▶ Required action: Replicate the data exactly, every line included.

▶ Extracted material:
▼▼▼
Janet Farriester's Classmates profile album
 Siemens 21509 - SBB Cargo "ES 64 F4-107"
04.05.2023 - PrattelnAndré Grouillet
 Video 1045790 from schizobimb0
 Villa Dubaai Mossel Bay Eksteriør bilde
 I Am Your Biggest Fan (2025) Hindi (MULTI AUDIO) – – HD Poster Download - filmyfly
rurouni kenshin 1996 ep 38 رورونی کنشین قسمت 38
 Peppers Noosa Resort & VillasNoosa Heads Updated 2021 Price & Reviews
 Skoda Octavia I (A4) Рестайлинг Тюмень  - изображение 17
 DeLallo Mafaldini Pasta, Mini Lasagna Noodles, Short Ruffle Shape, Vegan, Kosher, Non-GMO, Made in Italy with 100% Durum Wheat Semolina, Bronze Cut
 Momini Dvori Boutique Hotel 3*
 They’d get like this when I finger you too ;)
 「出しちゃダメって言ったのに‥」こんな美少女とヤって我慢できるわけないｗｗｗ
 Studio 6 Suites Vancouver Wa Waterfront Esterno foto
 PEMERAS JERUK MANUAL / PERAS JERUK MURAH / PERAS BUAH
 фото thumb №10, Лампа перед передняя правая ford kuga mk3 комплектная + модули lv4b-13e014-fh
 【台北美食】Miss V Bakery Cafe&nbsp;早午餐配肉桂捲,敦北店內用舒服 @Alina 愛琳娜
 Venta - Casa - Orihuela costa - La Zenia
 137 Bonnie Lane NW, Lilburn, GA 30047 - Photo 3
▲▲▲
▶ Response for this exercise:
Janet Farriester's Classmates profile album
 Siemens 21509 - SBB Cargo "ES 64 F4-107"
04.05.2023 - PrattelnAndré Grouillet
 Video 1045790 from schizobimb0
 Villa Dubaai Mossel Bay Eksteriør bilde
 I Am Your Biggest Fan (2025) Hindi (MULTI AUDIO) – – HD Poster Download - filmyfly
rurouni kenshin 1996 ep 38 رورونی کنشین قسمت 38
 Peppers Noosa Resort & VillasNoosa Heads Updated 2021 Price & Reviews
 Skoda Octavia I (A4) Рестайлинг Тюмень  - изображение 17
 DeLallo Mafaldini Pasta, Mini Lasagna Noodles, Short Ruffle Shape, Vegan, Kosher, Non-GMO, Made in Italy with 100% Durum Wheat Semolina, Bronze Cut
 Momini Dvori Boutique Hotel 3*
 They’d get like this when I finger you too ;)
 「出しちゃダメって言ったのに‥」こんな美少女とヤって我慢できるわけないｗｗｗ
 Studio 6 Suites Vancouver Wa Waterfront Esterno foto
 PEMERAS JERUK MANUAL / PERAS JERUK MURAH / PERAS BUAH
 фото thumb №10, Лампа перед передняя правая ford kuga mk3 комплектная + модули lv4b-13e014-fh
 【台北美食】Miss V Bakery Cafe&nbsp;早午餐配肉桂捲,敦北店內用舒服 @Alina 愛琳娜
 Venta - Casa - Orihuela costa - La Zenia
 137 Bonnie Lane NW, Lilburn, GA 30047 - Photo 3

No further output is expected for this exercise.